NHS opened its first Ramada Plaza in Fargo, North Dakota, in 1996. The hotel has always performed “exceptionally well,” Leslie said.
“(Revenue per available room) index always been in the 120-160 range,” he said. “We kicked off our relationship with Ramada in a very good way. Since then we’ve added a property in Green Bay (Wisconsin) and another property in Grand Rapids (Michigan).”
“It was very clear that Ramada Plaza versus Ramada Inn and Ramada Limited, there’s a perception of an upper-end facility with the Plaza designation,” Leslie continued. “The public perceives it as a bigger box, an upper-scale project.”
Brand growth
Growth opportunities for Ramada Plaza are primarily in the U.S. market and conversion-based, Young said. Ramada Plaza is a good brand for owners looking to leave the Holiday Inn or Crowne Plaza brands as parent company InterContinental Hotels Group overhauls the brands, requiring significant property-improvement plans, he said.
Today, there are four Ramada Plaza hotels in Wyndham’s pipeline and the company has been opening two or three a year for the past couple years. “We’re being very aggressive to continue to add to the Plaza family,” Young said.
Leslie said Ramada Plaza fits well into the mix when considering PIPs and conversions.
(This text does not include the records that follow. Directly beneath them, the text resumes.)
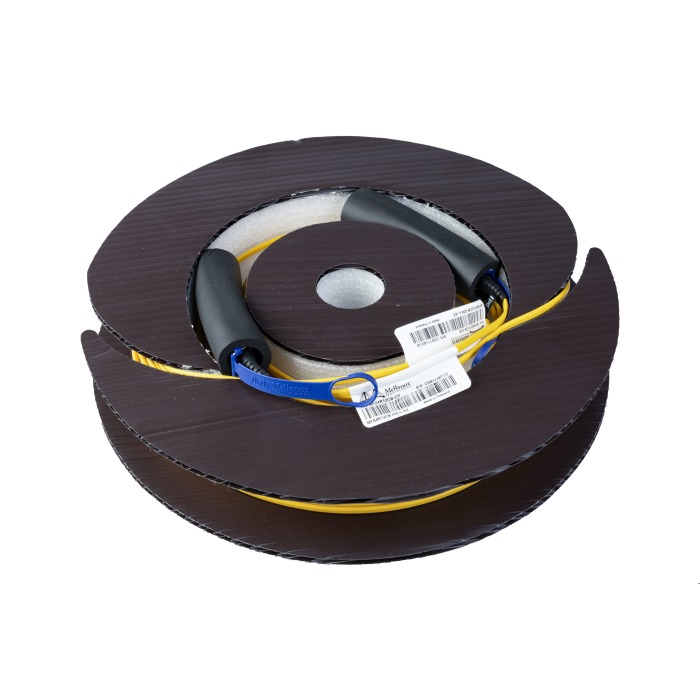 Câble DAC Amphenol Mellanox SFF-8436 - SFF-8436 40Gbps QSFP+ MMF 30m MFS4R12CB-030
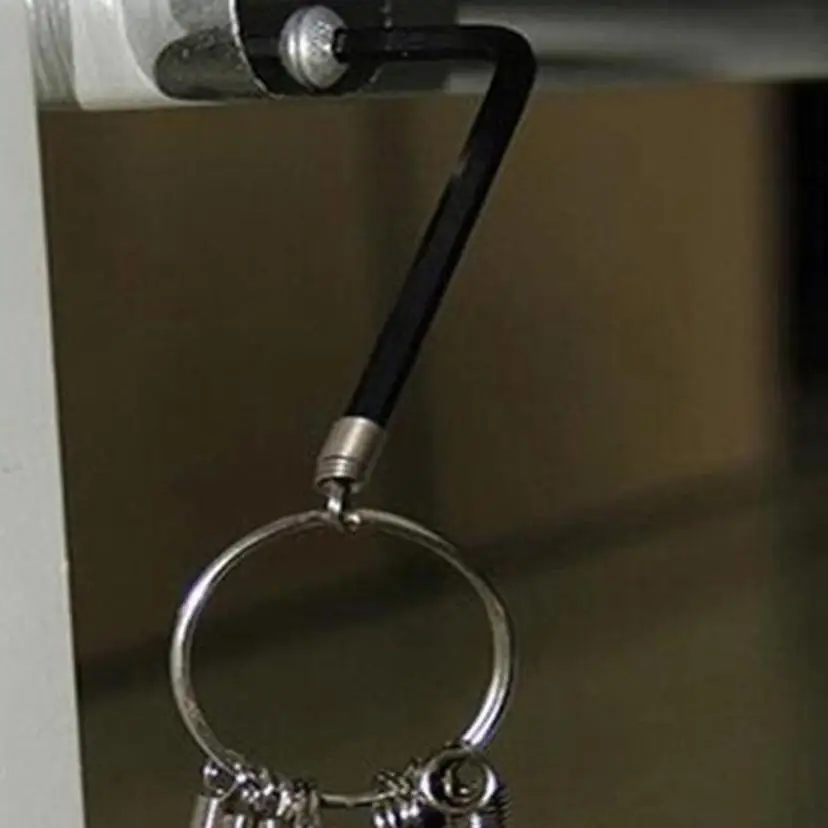 1 Set 8 In 1 Hexagon Hex End Key Wrench Bike Bicycle Repair Tool Set Kits Bike Assessoires New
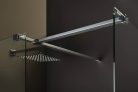 Merevítő, Sapho Polysan MODULAR Kiegészítő merevítő MSBR1-hez, 80 cm MSBR4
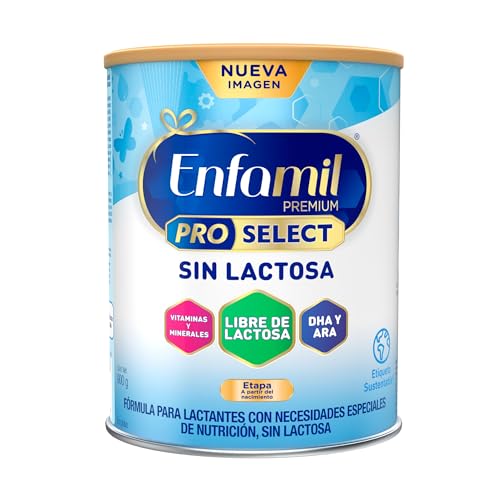El mejor review de Enfamil confort leche para comprar hoy. 14 Imagen adicional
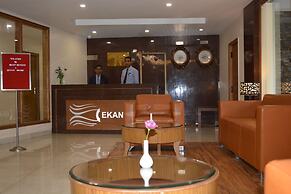 Ekant Retreat Resort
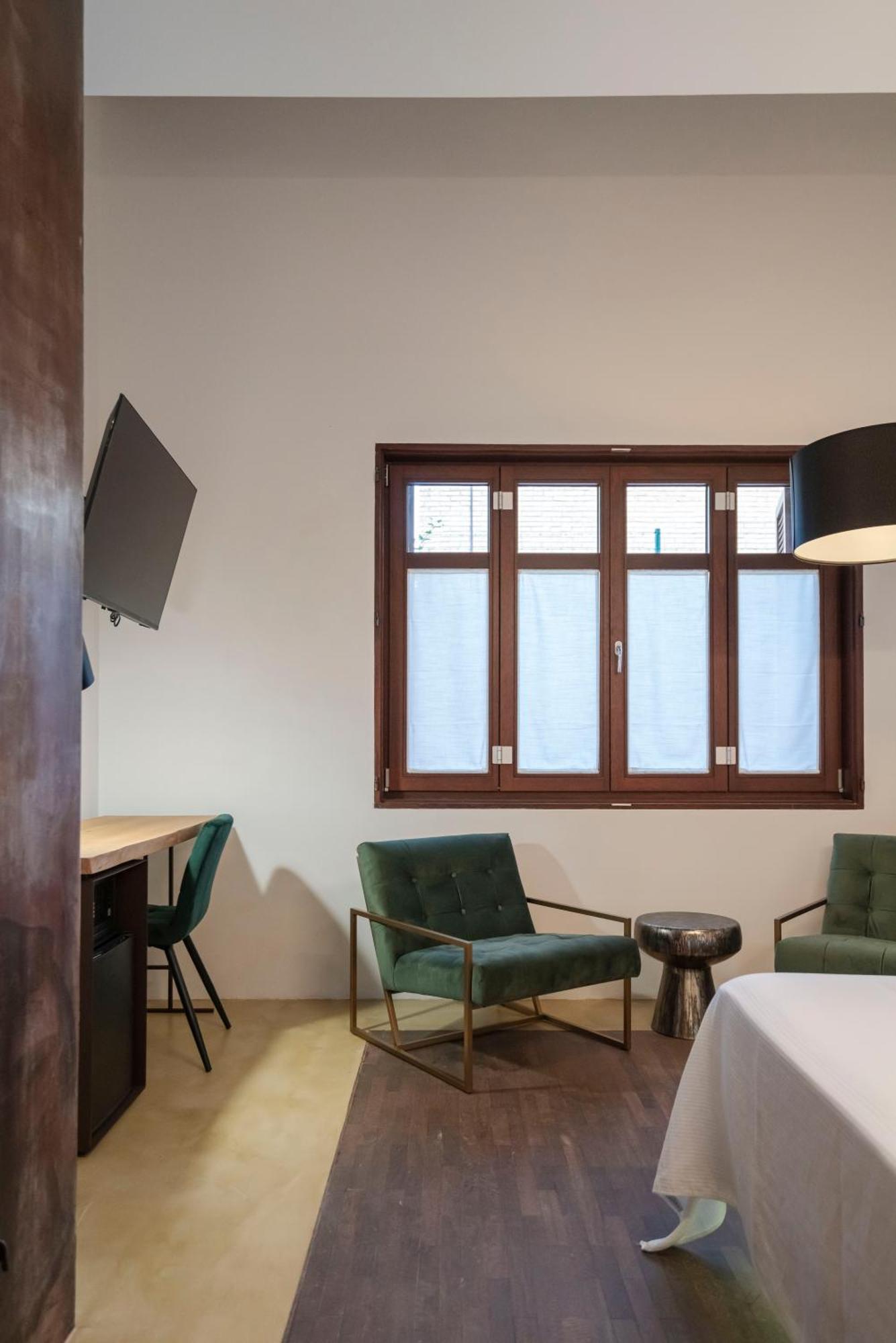 Hotel La Moderna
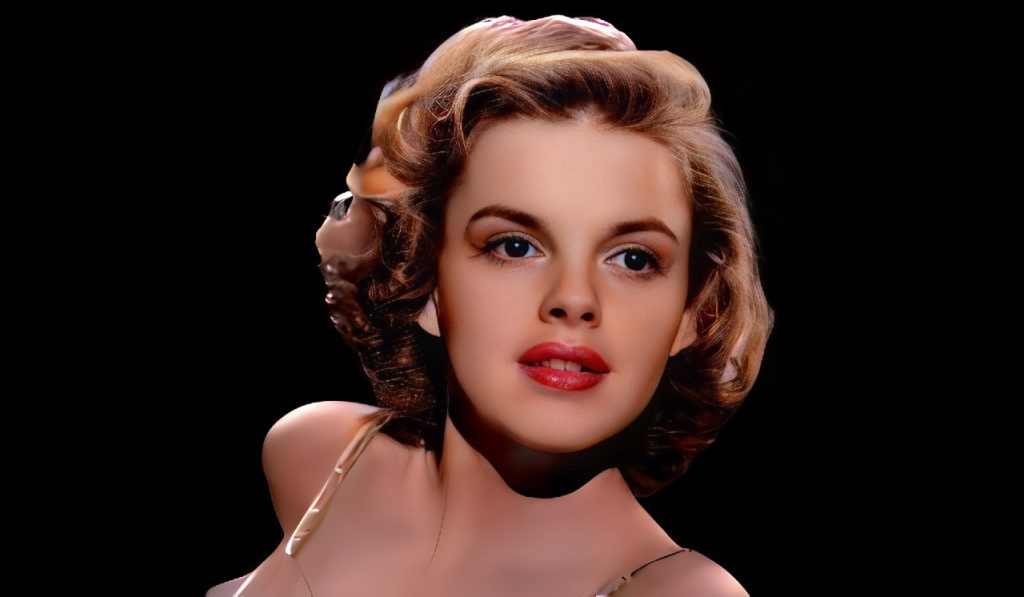 Judy Garland Was Broke and Homeless When She Died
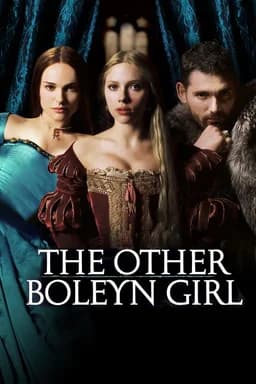 The Other Boleyn Girl (2008)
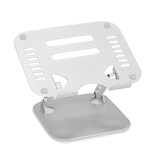 thumbnail of Laptophalterung / Laptopständer LAPTOP STAND Aluminium silber hjh OFFICE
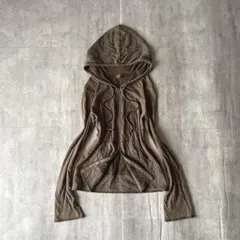 旧作】salsation wear hoodie【新品未使用】 - メルカリ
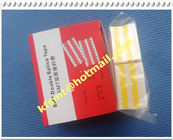 SMT Doppelspleißband 8mm gelbe Farbe SMD Spleißband 500pcs / Box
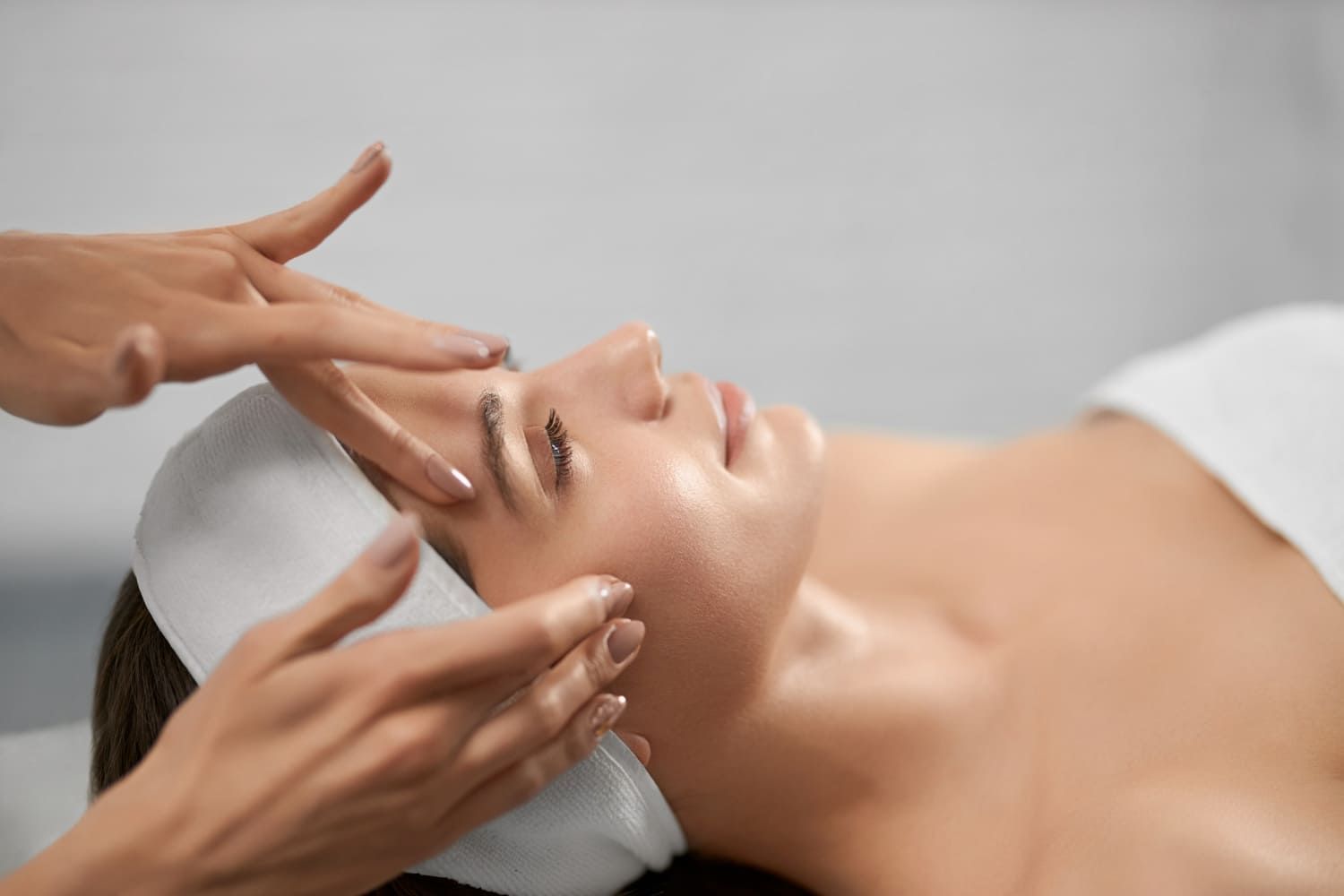 skin rejuvenation Tampa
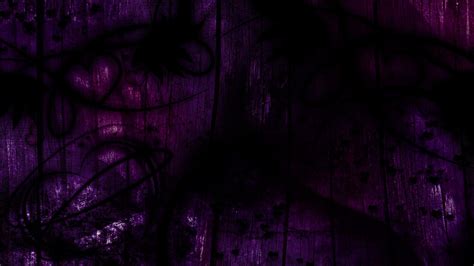Dark Purple Aesthetic Laptop Wallpapers Top Hình Ảnh Đẹp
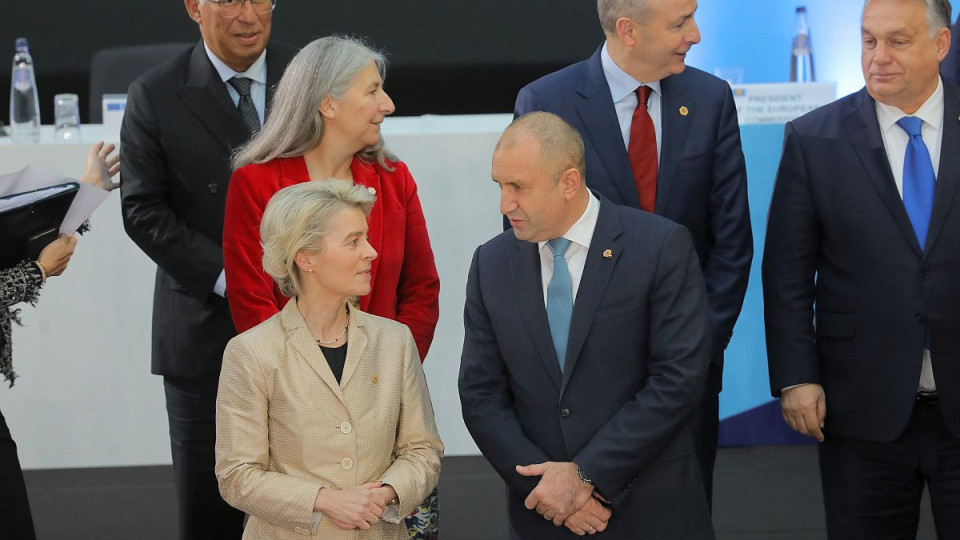 Топ среща на Евросъюза решава как ще се помага на Украйна | StandartNews.com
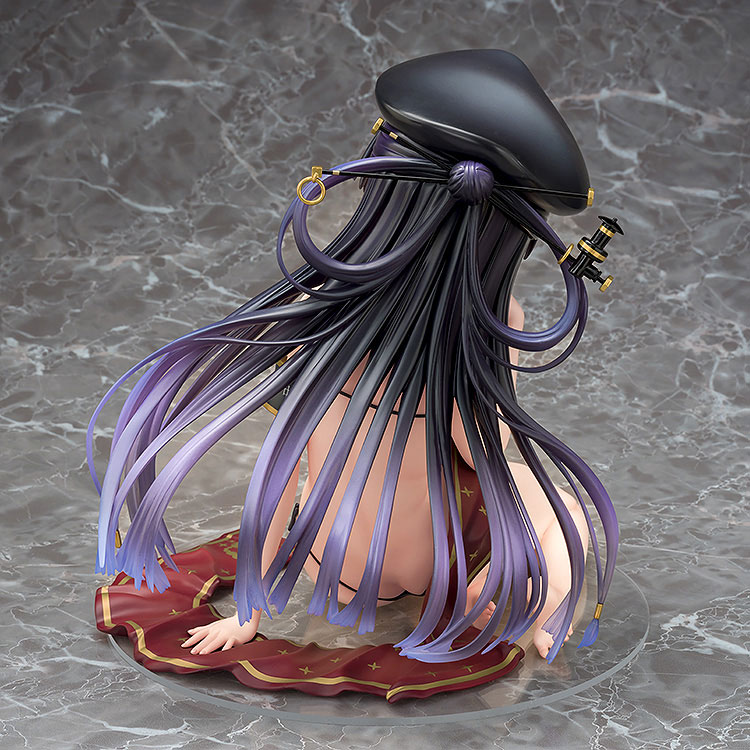 [Exclusive Sale] Maitetsu Hachiroku 1/3 Complete Figure(Pre-order)Scale Figure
While he “completely understands what brands are doing” with their relaunches and repositionings, Ramada Plaza often times offers a less-expensive alternative, he said.
“It’s all math; you’ve got to make sure when you buy a hotel you’re doing the right improvement,” he said. “If a brand is telling you to invest $5 million toward a PIP but the market doesn’t support it, maybe another brand will let you get away with $3 million.”
Can Ramada Plaza survive in a new normal where the full-service segment is often deemed less profitable and much harder to finance? Both Young and Leslie think so.
“It’s definitely two-fold,” Leslie said. “If you don’t have the management infrastructure to really structure a full-service property the right way, food and beverage will eat you for lunch. On the other side, because we are a value-oriented buyer, we look at hotels all over the country and see properties that are severely undermanaged. There are properties that, because of lack of management expertise, allow F&B to deplete operations.
“We feel there is a way in most cases to optimize the performance of F&B so we can neutralize the loss and increase the value of that property significantly.”